In the Events section this time around, Alla Myzelev offers Fashionality: Dress and Identity in Contemporary Canadian Art — her take on the McMichael Canadian Art Collection, Kleinburg, Ontario, 3 May — 5 October 2012.

Laura Beltran-Rubio takes a closer look at ‘Denim: Fashion’s Frontier’ at The Museum at the Fashion Institute of Technology, New York, 1 December 2015 — 7 May 2016.

Ksenia Gusarova contributes Elevated Distortions of Nature, her thoughts on ‘Fashioned from Nature’ at London’s Victoria & Albert Museum, 21 April 2018 — 27 January 2019.

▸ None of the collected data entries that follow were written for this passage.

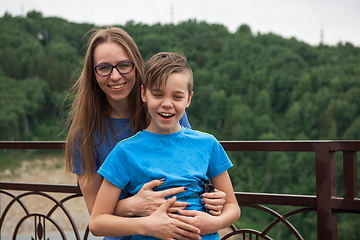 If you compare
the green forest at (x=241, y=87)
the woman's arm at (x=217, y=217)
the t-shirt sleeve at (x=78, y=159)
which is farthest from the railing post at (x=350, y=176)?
the green forest at (x=241, y=87)

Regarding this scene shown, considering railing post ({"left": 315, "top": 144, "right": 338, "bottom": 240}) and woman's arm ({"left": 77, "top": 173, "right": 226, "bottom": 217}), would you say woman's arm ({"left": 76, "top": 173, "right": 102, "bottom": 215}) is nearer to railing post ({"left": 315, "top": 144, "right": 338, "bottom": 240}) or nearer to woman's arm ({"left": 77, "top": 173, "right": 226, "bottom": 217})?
woman's arm ({"left": 77, "top": 173, "right": 226, "bottom": 217})

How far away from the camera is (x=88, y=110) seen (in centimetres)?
120

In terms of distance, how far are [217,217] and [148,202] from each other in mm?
218

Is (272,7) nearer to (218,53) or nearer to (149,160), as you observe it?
(218,53)

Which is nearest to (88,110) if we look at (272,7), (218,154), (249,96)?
(218,154)

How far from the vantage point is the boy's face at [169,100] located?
940 millimetres

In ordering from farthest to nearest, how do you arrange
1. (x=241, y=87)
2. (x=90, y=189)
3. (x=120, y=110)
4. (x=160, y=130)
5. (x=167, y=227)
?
(x=241, y=87) → (x=120, y=110) → (x=90, y=189) → (x=160, y=130) → (x=167, y=227)

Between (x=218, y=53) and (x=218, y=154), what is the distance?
4829cm

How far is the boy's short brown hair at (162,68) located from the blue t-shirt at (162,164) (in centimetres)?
17

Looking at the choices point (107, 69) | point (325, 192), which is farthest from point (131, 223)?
point (325, 192)

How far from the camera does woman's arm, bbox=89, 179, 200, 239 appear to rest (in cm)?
88

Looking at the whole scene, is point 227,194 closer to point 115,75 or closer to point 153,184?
point 153,184

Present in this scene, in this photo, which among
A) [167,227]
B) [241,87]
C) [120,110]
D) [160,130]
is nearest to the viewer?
[167,227]

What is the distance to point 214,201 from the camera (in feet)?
3.07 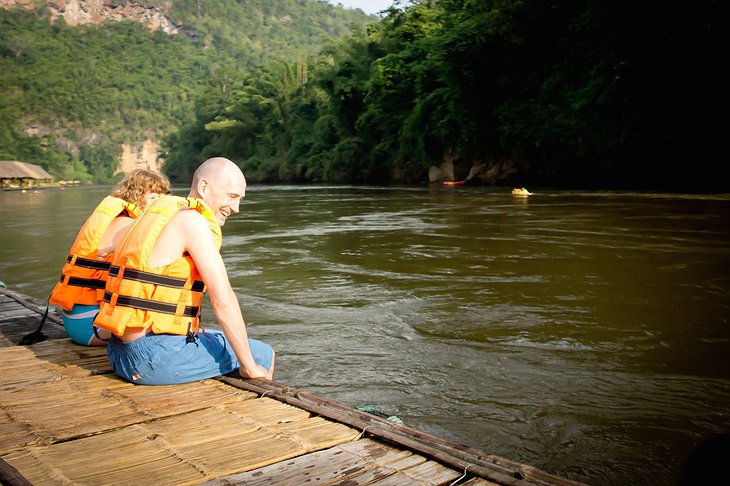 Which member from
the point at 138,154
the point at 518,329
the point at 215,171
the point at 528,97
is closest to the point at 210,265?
the point at 215,171

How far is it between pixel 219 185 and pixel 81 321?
61.7 inches

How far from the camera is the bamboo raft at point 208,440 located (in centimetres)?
232

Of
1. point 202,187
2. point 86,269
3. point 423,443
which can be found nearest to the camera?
point 423,443

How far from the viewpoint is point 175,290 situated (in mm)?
3250

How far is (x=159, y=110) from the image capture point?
127m

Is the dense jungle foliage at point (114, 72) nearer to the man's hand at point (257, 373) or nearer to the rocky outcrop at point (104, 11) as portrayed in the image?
the rocky outcrop at point (104, 11)

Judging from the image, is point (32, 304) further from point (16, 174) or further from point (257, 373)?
point (16, 174)

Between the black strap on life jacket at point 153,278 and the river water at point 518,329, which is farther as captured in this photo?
the river water at point 518,329

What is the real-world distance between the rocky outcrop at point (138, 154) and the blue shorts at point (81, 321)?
390ft

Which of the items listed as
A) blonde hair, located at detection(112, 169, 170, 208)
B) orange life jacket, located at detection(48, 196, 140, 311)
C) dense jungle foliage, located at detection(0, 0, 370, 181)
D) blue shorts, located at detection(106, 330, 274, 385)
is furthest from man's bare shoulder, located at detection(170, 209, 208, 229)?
dense jungle foliage, located at detection(0, 0, 370, 181)

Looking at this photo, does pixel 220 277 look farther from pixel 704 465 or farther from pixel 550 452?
pixel 704 465

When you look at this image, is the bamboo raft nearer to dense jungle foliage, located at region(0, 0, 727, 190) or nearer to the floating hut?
dense jungle foliage, located at region(0, 0, 727, 190)

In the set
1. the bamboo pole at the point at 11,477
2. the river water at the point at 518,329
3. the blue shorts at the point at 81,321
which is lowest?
the river water at the point at 518,329

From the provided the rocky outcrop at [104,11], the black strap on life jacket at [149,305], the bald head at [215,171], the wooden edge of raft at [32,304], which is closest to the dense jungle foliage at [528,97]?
the wooden edge of raft at [32,304] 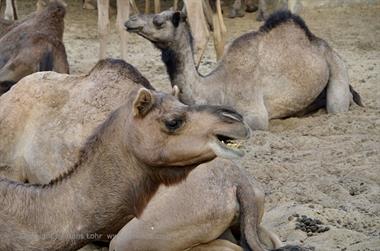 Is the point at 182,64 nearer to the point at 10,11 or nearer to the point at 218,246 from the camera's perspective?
the point at 218,246

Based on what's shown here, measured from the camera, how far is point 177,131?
4426mm

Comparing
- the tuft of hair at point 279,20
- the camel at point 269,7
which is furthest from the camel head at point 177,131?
the camel at point 269,7

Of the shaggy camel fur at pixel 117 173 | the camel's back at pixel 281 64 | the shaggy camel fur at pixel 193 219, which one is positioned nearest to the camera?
the shaggy camel fur at pixel 117 173

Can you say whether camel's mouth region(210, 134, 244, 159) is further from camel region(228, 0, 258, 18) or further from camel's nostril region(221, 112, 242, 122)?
camel region(228, 0, 258, 18)

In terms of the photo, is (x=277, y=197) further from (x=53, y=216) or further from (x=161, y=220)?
(x=53, y=216)

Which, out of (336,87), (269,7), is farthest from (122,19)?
(269,7)

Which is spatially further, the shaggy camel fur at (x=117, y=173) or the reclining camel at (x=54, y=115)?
the reclining camel at (x=54, y=115)

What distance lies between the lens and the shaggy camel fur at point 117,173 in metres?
4.40

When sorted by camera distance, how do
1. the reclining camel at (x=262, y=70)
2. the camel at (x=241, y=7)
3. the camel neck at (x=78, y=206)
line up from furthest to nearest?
the camel at (x=241, y=7) → the reclining camel at (x=262, y=70) → the camel neck at (x=78, y=206)

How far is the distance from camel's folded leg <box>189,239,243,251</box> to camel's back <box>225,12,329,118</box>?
4.41 m

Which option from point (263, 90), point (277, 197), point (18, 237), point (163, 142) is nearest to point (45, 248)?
point (18, 237)

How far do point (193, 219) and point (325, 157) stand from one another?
3.25 meters

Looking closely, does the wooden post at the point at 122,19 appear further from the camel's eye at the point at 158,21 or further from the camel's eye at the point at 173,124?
the camel's eye at the point at 173,124

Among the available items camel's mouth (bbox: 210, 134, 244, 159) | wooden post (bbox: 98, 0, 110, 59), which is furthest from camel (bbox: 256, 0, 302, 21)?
camel's mouth (bbox: 210, 134, 244, 159) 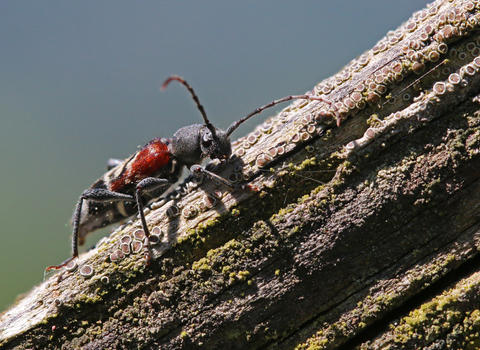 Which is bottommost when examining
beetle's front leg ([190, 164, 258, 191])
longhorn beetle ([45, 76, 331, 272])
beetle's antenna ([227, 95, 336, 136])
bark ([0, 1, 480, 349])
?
bark ([0, 1, 480, 349])

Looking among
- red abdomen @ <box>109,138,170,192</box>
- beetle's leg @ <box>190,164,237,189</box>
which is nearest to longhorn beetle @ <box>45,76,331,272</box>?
red abdomen @ <box>109,138,170,192</box>

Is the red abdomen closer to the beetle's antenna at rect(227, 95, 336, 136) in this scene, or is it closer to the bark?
the beetle's antenna at rect(227, 95, 336, 136)

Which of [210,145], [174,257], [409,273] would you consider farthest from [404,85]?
[174,257]

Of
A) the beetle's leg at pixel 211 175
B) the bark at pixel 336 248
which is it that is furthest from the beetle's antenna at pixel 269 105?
the beetle's leg at pixel 211 175

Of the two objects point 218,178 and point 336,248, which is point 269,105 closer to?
point 218,178

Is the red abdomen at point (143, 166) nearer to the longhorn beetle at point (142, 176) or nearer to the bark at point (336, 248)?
the longhorn beetle at point (142, 176)

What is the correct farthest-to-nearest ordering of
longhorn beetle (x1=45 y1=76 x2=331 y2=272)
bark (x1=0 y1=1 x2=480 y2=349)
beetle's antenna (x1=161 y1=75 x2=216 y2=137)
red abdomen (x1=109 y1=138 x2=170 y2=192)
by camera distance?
red abdomen (x1=109 y1=138 x2=170 y2=192) → longhorn beetle (x1=45 y1=76 x2=331 y2=272) → beetle's antenna (x1=161 y1=75 x2=216 y2=137) → bark (x1=0 y1=1 x2=480 y2=349) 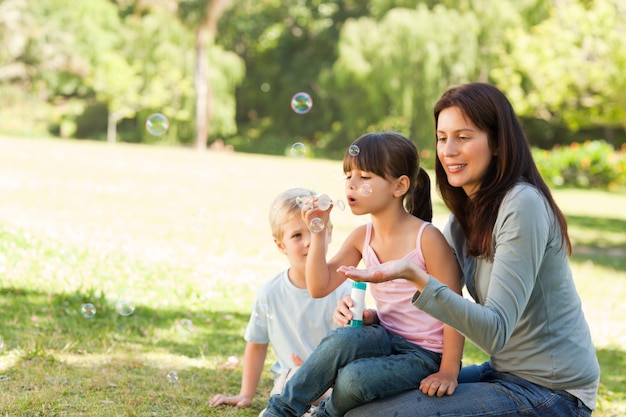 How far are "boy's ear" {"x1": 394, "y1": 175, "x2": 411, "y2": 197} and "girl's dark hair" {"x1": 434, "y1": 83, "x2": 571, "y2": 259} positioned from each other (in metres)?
0.29

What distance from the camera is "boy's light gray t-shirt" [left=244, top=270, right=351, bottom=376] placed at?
3.64 metres

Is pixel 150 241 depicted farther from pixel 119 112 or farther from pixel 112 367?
pixel 119 112

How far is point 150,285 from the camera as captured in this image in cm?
615

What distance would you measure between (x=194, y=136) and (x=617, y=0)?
2100 cm

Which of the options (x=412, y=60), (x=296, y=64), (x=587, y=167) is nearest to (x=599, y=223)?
(x=587, y=167)

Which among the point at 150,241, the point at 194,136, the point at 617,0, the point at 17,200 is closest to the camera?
the point at 150,241

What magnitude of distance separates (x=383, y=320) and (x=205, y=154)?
2567 centimetres

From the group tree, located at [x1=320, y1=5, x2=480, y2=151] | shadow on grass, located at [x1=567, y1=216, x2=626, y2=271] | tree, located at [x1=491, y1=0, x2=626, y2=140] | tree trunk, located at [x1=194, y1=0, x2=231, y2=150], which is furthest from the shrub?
tree trunk, located at [x1=194, y1=0, x2=231, y2=150]

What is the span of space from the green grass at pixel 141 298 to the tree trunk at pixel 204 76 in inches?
798

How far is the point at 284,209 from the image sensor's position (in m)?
3.55

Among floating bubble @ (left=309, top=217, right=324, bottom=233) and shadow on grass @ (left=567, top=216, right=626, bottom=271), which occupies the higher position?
floating bubble @ (left=309, top=217, right=324, bottom=233)

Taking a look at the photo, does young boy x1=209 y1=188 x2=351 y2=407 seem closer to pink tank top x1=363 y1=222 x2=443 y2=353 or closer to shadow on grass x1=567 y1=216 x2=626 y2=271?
pink tank top x1=363 y1=222 x2=443 y2=353

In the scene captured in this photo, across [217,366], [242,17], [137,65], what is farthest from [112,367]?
[242,17]

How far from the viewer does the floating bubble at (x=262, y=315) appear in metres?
3.71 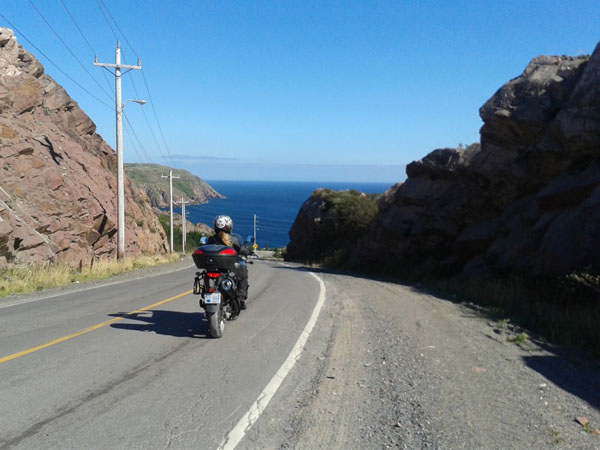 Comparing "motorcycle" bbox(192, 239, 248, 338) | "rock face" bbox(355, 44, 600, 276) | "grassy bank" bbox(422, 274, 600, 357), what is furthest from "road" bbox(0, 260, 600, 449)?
"rock face" bbox(355, 44, 600, 276)

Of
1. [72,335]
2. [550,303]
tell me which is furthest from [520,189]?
[72,335]

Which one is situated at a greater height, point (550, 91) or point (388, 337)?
point (550, 91)

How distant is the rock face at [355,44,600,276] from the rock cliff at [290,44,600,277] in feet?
0.11

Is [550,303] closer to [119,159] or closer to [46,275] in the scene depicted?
[46,275]

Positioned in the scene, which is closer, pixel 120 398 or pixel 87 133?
pixel 120 398

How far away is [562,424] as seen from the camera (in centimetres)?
529

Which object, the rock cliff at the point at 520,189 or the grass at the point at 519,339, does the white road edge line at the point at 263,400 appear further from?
the rock cliff at the point at 520,189

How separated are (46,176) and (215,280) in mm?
19617

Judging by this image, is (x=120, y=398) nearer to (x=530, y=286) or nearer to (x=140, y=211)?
(x=530, y=286)

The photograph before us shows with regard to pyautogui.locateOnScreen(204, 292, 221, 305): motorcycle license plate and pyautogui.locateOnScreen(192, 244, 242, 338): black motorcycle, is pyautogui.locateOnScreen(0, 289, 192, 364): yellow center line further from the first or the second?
pyautogui.locateOnScreen(204, 292, 221, 305): motorcycle license plate

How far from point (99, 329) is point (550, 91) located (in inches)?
636

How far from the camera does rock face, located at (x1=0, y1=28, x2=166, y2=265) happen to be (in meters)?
22.2

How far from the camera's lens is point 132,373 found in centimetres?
664

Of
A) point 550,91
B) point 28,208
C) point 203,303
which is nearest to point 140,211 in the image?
point 28,208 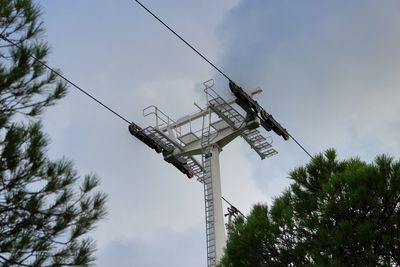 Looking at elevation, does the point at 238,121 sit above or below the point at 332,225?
above

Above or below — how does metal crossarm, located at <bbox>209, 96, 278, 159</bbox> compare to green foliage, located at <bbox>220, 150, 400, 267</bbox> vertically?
above

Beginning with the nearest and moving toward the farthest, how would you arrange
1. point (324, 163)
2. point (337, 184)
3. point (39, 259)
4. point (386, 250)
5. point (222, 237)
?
point (39, 259) < point (386, 250) < point (337, 184) < point (324, 163) < point (222, 237)

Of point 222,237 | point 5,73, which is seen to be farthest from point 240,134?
point 5,73

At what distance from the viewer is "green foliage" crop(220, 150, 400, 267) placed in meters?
8.85

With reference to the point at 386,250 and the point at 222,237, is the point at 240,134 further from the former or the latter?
the point at 386,250

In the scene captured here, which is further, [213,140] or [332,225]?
[213,140]

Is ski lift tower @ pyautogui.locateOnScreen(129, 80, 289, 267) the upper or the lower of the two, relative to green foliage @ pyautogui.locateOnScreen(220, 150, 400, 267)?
upper

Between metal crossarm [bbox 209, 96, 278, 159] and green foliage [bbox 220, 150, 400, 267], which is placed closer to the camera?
green foliage [bbox 220, 150, 400, 267]

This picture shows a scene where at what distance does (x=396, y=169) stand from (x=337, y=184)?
0.79m

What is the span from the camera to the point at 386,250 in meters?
8.74

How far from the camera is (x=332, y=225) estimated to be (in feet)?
30.2

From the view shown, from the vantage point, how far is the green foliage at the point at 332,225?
8.85 meters

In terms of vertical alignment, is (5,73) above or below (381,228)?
above

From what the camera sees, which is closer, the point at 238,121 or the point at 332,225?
the point at 332,225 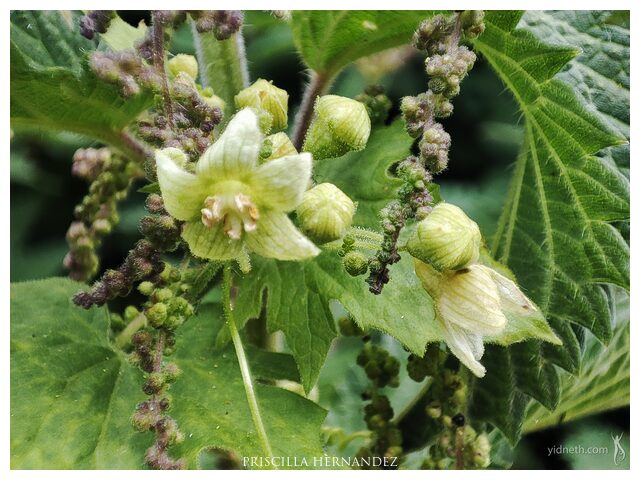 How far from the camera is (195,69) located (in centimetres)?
130

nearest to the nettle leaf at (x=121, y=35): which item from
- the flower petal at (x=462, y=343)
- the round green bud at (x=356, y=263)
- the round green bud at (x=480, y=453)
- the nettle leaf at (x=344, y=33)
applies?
the nettle leaf at (x=344, y=33)

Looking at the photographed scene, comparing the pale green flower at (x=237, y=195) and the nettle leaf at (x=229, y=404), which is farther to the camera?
the nettle leaf at (x=229, y=404)

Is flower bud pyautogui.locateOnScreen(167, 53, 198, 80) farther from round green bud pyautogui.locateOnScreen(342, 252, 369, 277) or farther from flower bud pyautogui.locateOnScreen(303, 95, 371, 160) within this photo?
round green bud pyautogui.locateOnScreen(342, 252, 369, 277)

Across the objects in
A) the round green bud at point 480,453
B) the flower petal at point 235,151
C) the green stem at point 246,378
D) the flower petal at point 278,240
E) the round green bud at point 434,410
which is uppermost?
the flower petal at point 235,151

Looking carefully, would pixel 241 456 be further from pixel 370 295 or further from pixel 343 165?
pixel 343 165

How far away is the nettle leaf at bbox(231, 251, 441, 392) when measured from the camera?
3.95 feet

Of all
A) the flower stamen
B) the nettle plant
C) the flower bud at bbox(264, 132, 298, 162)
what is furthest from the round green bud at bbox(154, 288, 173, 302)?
the flower bud at bbox(264, 132, 298, 162)

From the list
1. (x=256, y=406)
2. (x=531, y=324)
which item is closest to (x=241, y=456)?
(x=256, y=406)

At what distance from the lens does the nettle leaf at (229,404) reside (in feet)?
4.06

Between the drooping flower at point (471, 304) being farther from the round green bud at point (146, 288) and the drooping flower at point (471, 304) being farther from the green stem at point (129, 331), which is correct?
the green stem at point (129, 331)

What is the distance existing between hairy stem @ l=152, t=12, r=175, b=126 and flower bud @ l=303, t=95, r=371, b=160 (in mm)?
198

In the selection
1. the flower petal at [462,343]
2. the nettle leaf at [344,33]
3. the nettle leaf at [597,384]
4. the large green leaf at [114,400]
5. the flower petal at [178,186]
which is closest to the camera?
the flower petal at [178,186]

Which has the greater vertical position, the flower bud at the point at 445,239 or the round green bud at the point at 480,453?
the flower bud at the point at 445,239

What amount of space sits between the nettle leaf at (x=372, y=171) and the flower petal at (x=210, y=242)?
294 millimetres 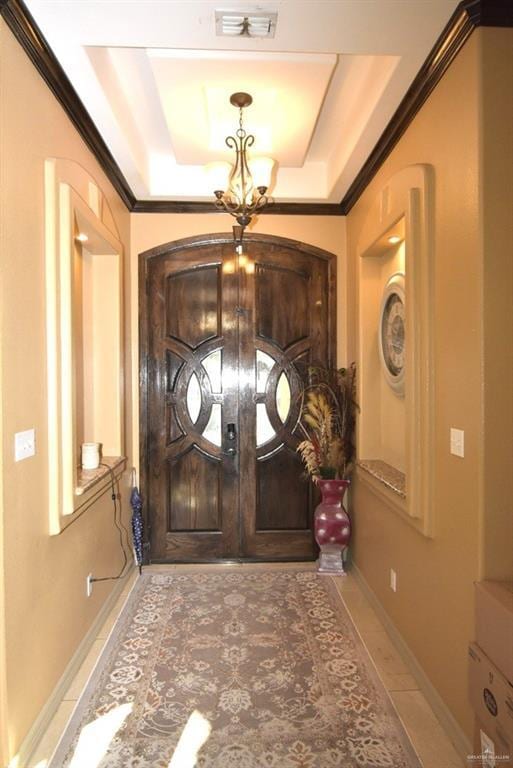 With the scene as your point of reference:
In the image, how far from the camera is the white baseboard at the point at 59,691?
1790 mm

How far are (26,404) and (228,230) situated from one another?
2.44 m

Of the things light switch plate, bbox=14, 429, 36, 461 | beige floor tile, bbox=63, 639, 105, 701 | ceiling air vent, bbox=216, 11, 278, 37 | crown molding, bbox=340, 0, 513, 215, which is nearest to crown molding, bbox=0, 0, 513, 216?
crown molding, bbox=340, 0, 513, 215

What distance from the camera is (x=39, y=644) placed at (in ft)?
6.36

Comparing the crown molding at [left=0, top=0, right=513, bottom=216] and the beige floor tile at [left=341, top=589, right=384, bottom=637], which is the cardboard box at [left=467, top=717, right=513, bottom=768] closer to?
the beige floor tile at [left=341, top=589, right=384, bottom=637]

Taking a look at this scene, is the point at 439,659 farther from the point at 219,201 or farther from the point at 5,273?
the point at 219,201

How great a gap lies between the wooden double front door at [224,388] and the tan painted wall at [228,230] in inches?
2.7

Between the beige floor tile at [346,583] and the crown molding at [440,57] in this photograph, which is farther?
the beige floor tile at [346,583]

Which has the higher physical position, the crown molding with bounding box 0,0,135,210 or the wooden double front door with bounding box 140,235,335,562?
the crown molding with bounding box 0,0,135,210

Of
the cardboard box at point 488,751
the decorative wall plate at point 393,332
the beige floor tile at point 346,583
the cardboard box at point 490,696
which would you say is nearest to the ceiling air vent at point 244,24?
Answer: the decorative wall plate at point 393,332

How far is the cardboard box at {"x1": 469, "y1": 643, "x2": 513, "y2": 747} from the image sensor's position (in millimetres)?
1444

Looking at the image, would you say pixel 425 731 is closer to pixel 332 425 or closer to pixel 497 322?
pixel 497 322

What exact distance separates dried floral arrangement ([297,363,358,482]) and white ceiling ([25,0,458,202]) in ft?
4.81

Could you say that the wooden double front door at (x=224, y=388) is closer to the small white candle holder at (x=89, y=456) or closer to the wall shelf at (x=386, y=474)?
the wall shelf at (x=386, y=474)

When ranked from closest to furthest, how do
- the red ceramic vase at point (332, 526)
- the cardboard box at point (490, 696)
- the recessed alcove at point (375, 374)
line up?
the cardboard box at point (490, 696), the recessed alcove at point (375, 374), the red ceramic vase at point (332, 526) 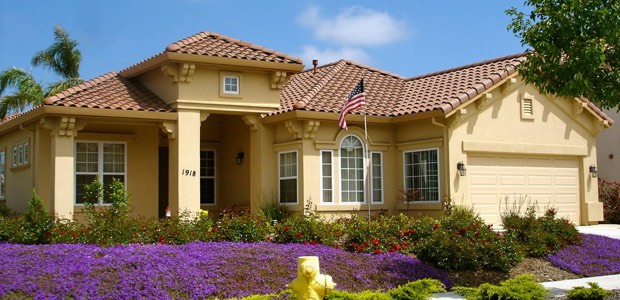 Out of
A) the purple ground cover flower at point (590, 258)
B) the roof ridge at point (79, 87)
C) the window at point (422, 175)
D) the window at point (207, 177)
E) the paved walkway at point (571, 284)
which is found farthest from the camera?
the window at point (207, 177)

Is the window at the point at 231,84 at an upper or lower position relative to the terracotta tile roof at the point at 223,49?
lower

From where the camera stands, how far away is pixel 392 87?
77.2 feet

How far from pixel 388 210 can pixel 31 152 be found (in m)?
9.56

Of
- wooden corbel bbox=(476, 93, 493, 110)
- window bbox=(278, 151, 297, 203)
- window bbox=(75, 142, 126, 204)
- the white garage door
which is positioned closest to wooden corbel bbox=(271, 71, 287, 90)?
window bbox=(278, 151, 297, 203)

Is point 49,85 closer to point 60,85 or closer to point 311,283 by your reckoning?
point 60,85

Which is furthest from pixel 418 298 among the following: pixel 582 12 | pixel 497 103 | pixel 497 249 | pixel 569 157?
pixel 569 157

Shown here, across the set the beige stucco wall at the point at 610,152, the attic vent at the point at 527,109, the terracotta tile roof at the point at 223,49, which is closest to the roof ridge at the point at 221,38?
the terracotta tile roof at the point at 223,49

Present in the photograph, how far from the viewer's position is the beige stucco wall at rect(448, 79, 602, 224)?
19.7 meters

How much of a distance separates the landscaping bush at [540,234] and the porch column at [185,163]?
296 inches

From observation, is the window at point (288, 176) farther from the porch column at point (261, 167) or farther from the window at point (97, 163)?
the window at point (97, 163)

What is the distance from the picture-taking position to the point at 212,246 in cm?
1339

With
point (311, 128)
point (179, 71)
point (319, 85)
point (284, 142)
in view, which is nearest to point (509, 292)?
point (311, 128)

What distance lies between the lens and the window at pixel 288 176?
19.6m

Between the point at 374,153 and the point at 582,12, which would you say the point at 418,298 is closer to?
the point at 582,12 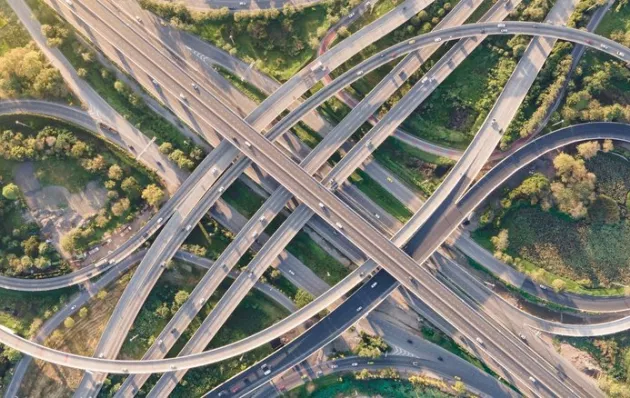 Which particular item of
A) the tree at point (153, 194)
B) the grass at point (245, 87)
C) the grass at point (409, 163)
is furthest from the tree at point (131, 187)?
the grass at point (409, 163)

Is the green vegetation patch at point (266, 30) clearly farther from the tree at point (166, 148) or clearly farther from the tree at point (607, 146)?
the tree at point (607, 146)

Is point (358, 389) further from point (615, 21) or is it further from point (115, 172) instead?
point (615, 21)

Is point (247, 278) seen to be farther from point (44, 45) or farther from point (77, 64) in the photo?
point (44, 45)

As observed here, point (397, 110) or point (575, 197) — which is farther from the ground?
point (397, 110)

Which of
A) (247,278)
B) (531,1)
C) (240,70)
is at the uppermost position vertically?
(531,1)

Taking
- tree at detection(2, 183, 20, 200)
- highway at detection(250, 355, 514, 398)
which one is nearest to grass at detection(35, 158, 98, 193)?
tree at detection(2, 183, 20, 200)

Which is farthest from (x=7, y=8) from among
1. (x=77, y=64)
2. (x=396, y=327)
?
(x=396, y=327)

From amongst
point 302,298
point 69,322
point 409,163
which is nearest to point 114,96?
point 69,322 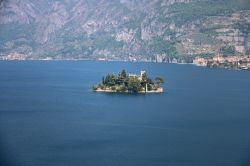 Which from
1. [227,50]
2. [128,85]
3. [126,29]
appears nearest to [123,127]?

In ’...A Manuscript, Though, Can Be Sold’: Margiela for Hermès, Ksenia Gusarova reviews ’Margiela, les Années Hermès’ at the Musée des Arts Décoratifs, Paris, 22 March — 2 September 2018.

Ekaterina Kulinicheva offers Where It Is that Frida Came From, her impressions of ’Frida Kahlo: Making Her Self Up’ at London’s Victoria & Albert Museum, 16 June — 4 November 2018.

In this issue’s Books section, Kelly Mohs Gage offers Where We Were Before, a review of Phyllis G. Tortora’s Dress, Fashion and Technology: From Prehistory to the Present, Bloomsbury Academic, 2015.

Laureen Gibson reviews Dress History: New Directions in Theory and Practice edited by Charlotte Nicklas and Annebella Pollen, Bloomsbury, 2015.

[1] The article is an extended version of a paper presented at the conference ’Passing: Fashion in American Cities’, held by London’s Courtauld Institute of Art on 5 May 2018.